### REQUIRED WORK
Give back the data exactly, with no images.
Start of INPUT DATA
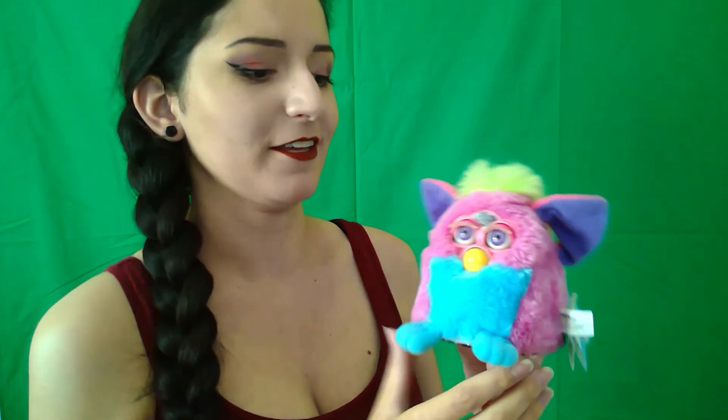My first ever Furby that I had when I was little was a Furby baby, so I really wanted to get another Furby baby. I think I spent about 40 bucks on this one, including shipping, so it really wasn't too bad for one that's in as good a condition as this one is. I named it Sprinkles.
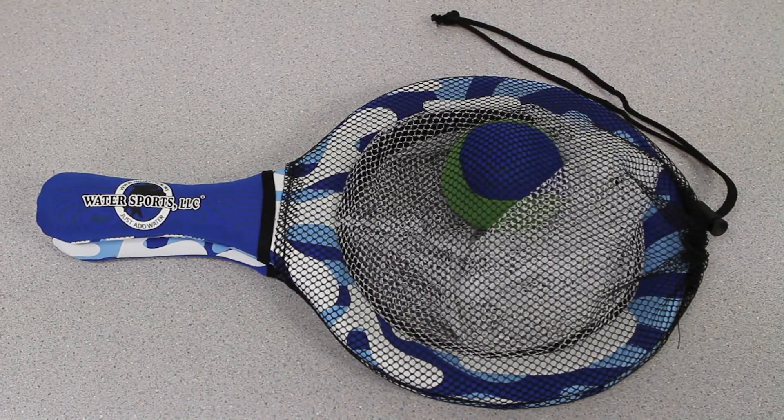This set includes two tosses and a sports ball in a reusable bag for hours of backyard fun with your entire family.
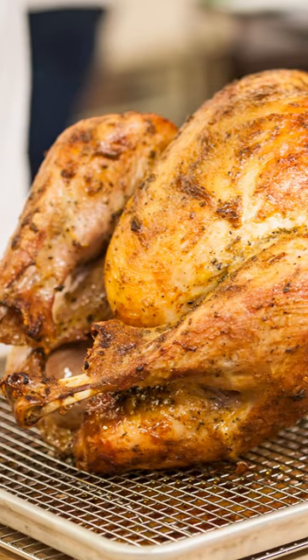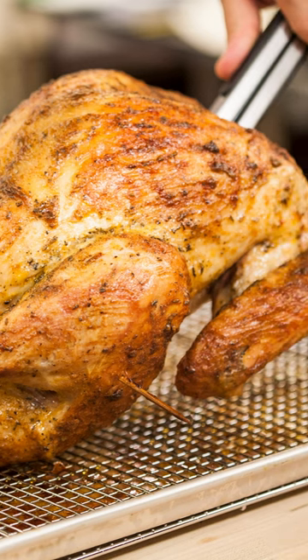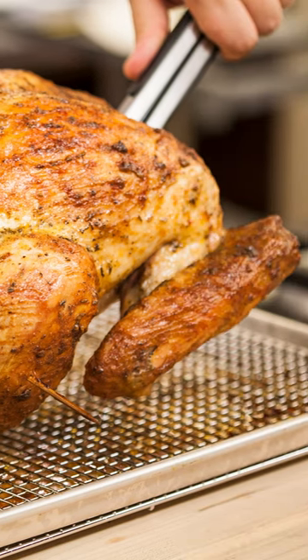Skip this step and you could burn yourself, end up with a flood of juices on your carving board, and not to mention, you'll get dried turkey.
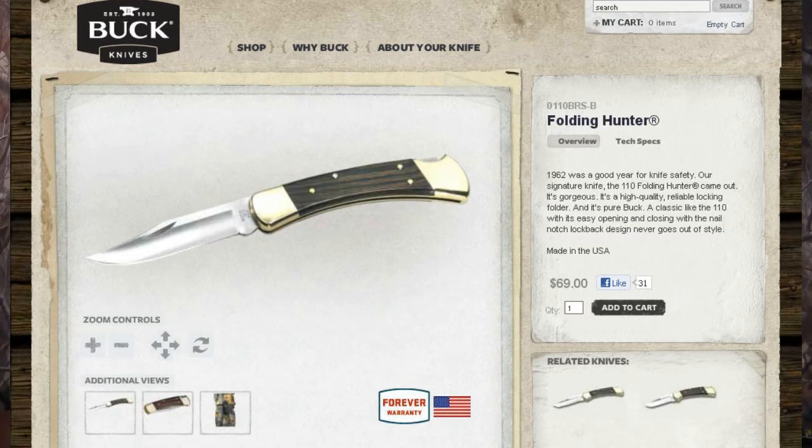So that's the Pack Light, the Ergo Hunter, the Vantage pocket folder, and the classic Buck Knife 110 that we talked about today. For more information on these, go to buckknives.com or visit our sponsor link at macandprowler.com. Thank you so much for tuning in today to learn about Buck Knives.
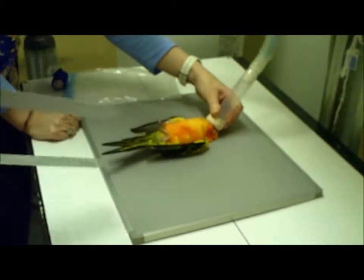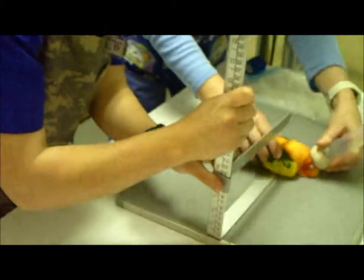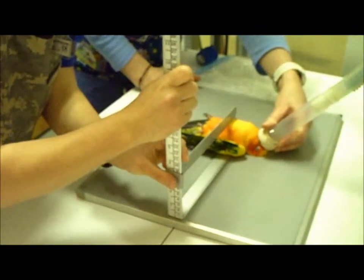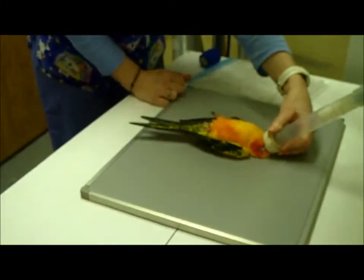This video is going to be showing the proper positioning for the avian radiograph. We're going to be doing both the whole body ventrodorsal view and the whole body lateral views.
End of INPUT DATA
### RESPONSE
My first ever Furby that I had when I was little was a Furby baby, so I really wanted to get another Furby baby. I think I spent about 40 bucks on this one, including shipping, so it really wasn't too bad for one that's in as good a condition as this one is. I named it Sprinkles.
This set includes two tosses and a sports ball in a reusable bag for hours of backyard fun with your entire family.
Skip this step and you could burn yourself, end up with a flood of juices on your carving board, and not to mention, you'll get dried turkey.
So that's the Pack Light, the Ergo Hunter, the Vantage pocket folder, and the classic Buck Knife 110 that we talked about today. For more information on these, go to buckknives.com or visit our sponsor link at macandprowler.com. Thank you so much for tuning in today to learn about Buck Knives.
This video is going to be showing the proper positioning for the avian radiograph. We're going to be doing both the whole body ventrodorsal view and the whole body lateral views.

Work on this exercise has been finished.